As we approach the start of a new academic year it seems as good a time as any to look back at the events of the long summer. In the space of three months a lot has changed for British politics, from the turbulent general election to the beginning of Brexit negotiations. So, looking forward, what is in store for British students?

The general election on the 8th June took place just as universities begin to finish for the year. It appears that the results of the EU referendum in 2016 were a wakeup call for young people all across the country. It has been estimated that only 36% of 18-24 year olds turned out in 2016. In contrast around 72% voted in June, with 64% of full time students voting for Labour. This undoubtedly helped push Britain towards a hung parliament, the situation that we now find ourselves in.

While the full implications of Brexit will not be known until the negotiating window closes in 2019, there are already many concerns over how it will affect the student community.

The general election showed the gravity of the student voice and also showed that we are not afraid to use it. This voice came just in time as negotiations on a deal for the UK to leave the EU started just a few days later. While the full implications of Brexit will not be known until the negotiating window closes in 2019, there are already many concerns over how it will affect the student community. In August the Russell Group released a list of 10 demands which they say Theresa May must meet in order to ensure that higher education is not damaged. Currently, the government is providing very little clarity on the situation which the Russel Group says is “causing considerable concern for EU nationals at our universities and impacting on our ability to recruit talented staff from the EU.”


Having spoken to friends and fellow students about the repercussions of Brexit, the attitude seems pretty pessimistic. Not only are we looking at losing international students and lecturers, but many banks and big businesses are also considering moving their work to other European cities. One Bristol student argued that this will make internships and jobs harder to get, particularly for people graduating in the next few years. This is a frustrating situation for students to be in, particularly when around 70% of young people who did vote, voted to stay. The negative hit the economy will take from Brexit is going to mean that universities will lose funding, which in turn could see tuition fees rises even further. Jeremy Corbyn’s promises to scrap tuition fees in the recent general election have proven that any further increase in fees will not sit well with the student body.
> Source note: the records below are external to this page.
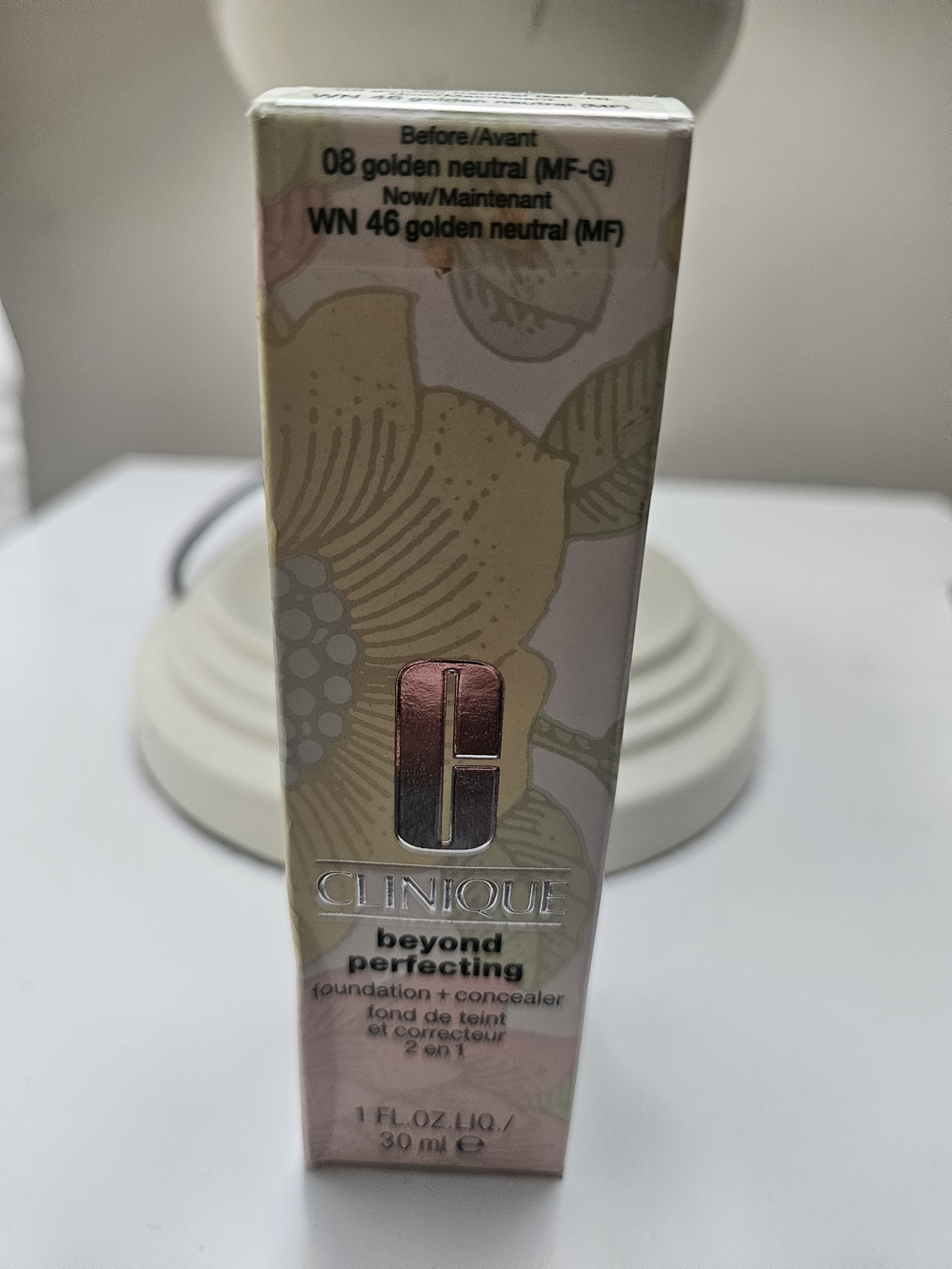 Clinique Beyond Perfecting Foundation + Concealer - Pink, Gold, Cream Floral Box
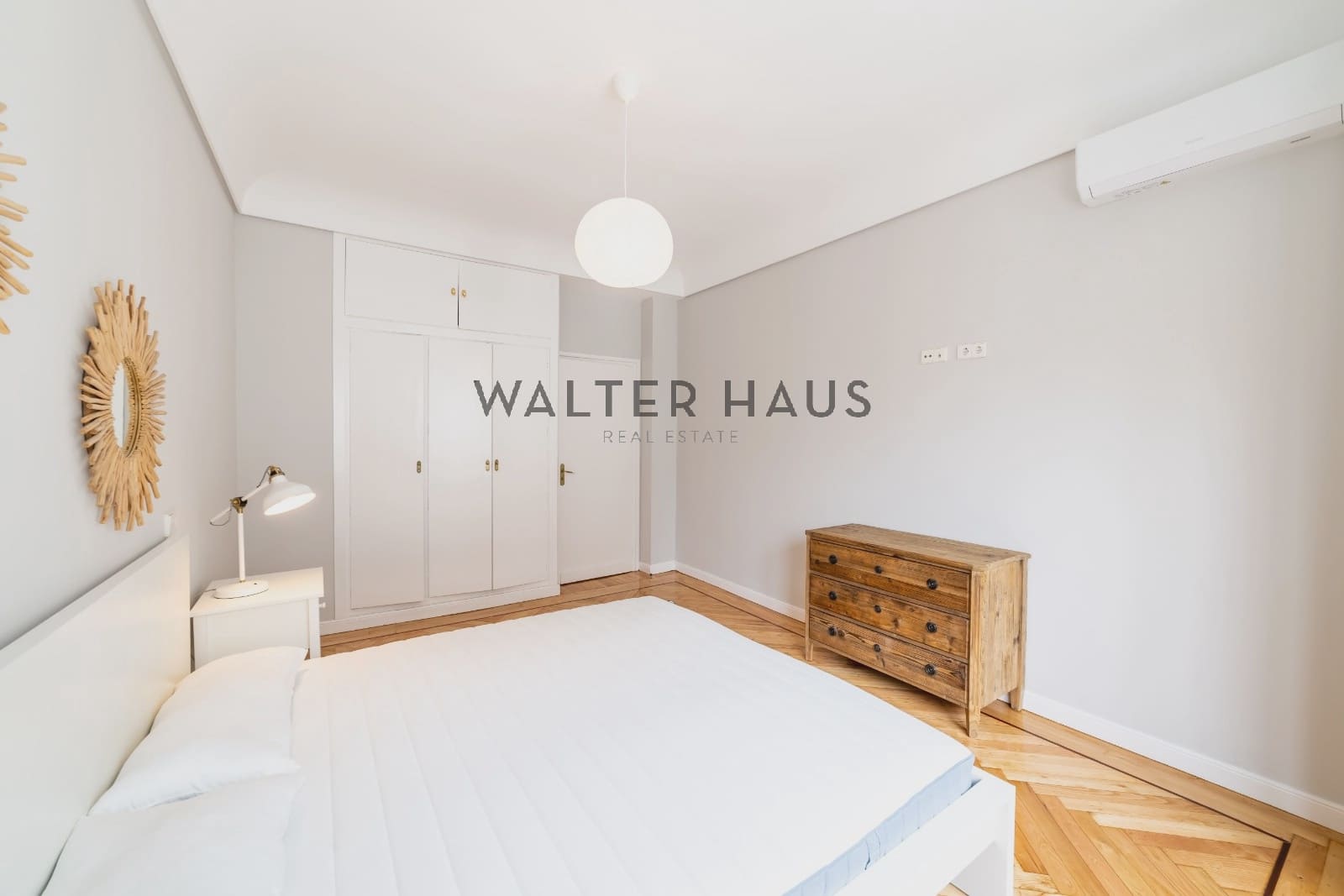 3 bedroom Flat for rent in Madrid city - € 4,200 (Ref: 10130972)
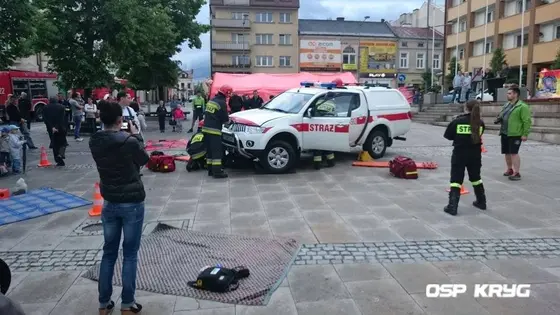 Strażacy Dzieciom „Ognisty ratownik – gorąca krew” – 30.05.2015 — zdjęcie 13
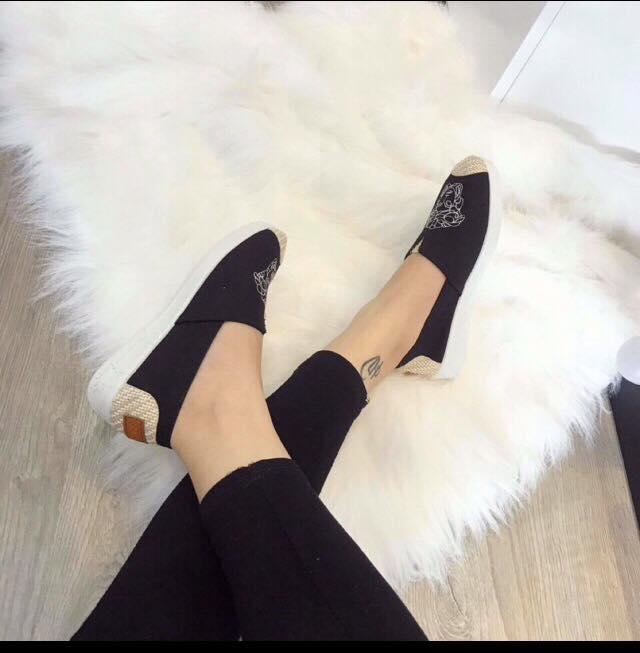 Giày lười slip-on nữ thêu mặt người cá tính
The negative hit the economy will take from Brexit is going to mean that universities will lose funding, which in turn could see tuition fees rises even further.

While the full implications of Brexit will not be known for at least the next few years, this summer of politics has already highlighted several key themes. Negotiations only started in June and yet already the Russell Group body is concerned about Theresa May’s Brexit and the implications it will have on higher education. Speaking to students themselves there is a lot of skepticism surrounding Brexit which only seems to have been heightened since negotiations got under way. The general election has emphasized just how divided the country is and the affects this divide could have in the coming years.

Whatever happens over the next couple of years, universities and the student body are definitely going to see some fundamental changes.